We know the fact that
If $p:E\longrightarrow B$ is a covering map, then $p$ is a local homeomorphism.
However, it is hard to find the proof of this statement. I only found one proof here: https://topospaces.subwiki.org/wiki/Covering_map_implies_local_homeomorphism, but it seems that it uses a really weird definition of covering map.
I tried to prove this statement but I got stuck.
Below is my attempt:
Let $e\in E$ and set $x=p(e)\in B$. Since $p$ is a covering map, we can choose a neighborhood $U$ of $x$ that is evenly covered by $p$.
Let $(V_{\alpha})$ be a partition of $p^{-1}(U)$ into slices, that is $p^{-1}(U)$ is a disjoint union of $V_{\alpha}$ and $p|_{V_{\alpha}}:V_{\alpha}\longrightarrow U$ is a homeomorphism onto $U$ for each $\alpha$.
Then, how could I argue that $e$ must be in one of $V_{\alpha}$?
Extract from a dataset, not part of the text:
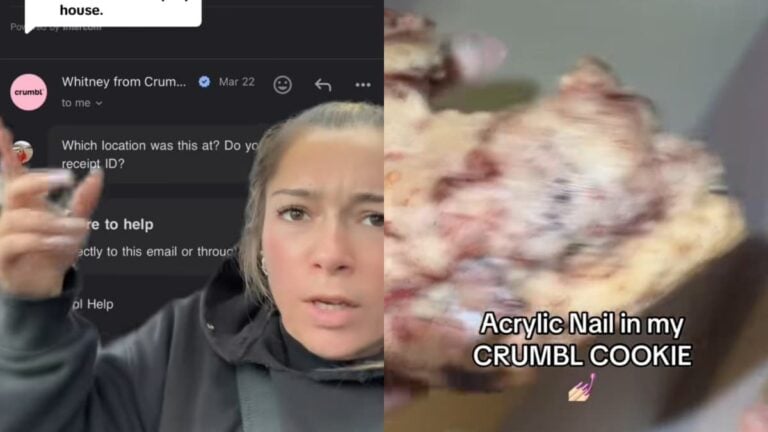 Connecticut Woman Finds Acrylic Nail in Her Crumbl Cookie: ‘Crumbl Silent Now’ A picture of Connecticut woman with a Crumbl cookie.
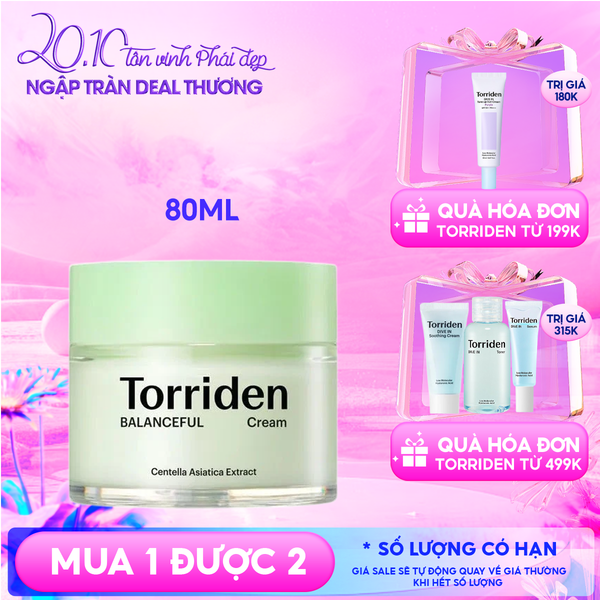 Kem Dưỡng Torriden Cấp Ẩm, Làm Dịu Da Chiết Xuất Rau Má Balanceful Cica Cream 80ml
If this was true, then it follow immediately since then the point $e$ has a neighborhood $V_{\alpha}$ that is mapped homomorphically by $p$ on to an open subset $U$ of $B$.
Thank you!
Best Answer
Since $U$ is a neighborhood of $x$, we have $p(e)=x\in U$, and thus $e\in p^{-1}(U) =\bigcup_\alpha V_\alpha$.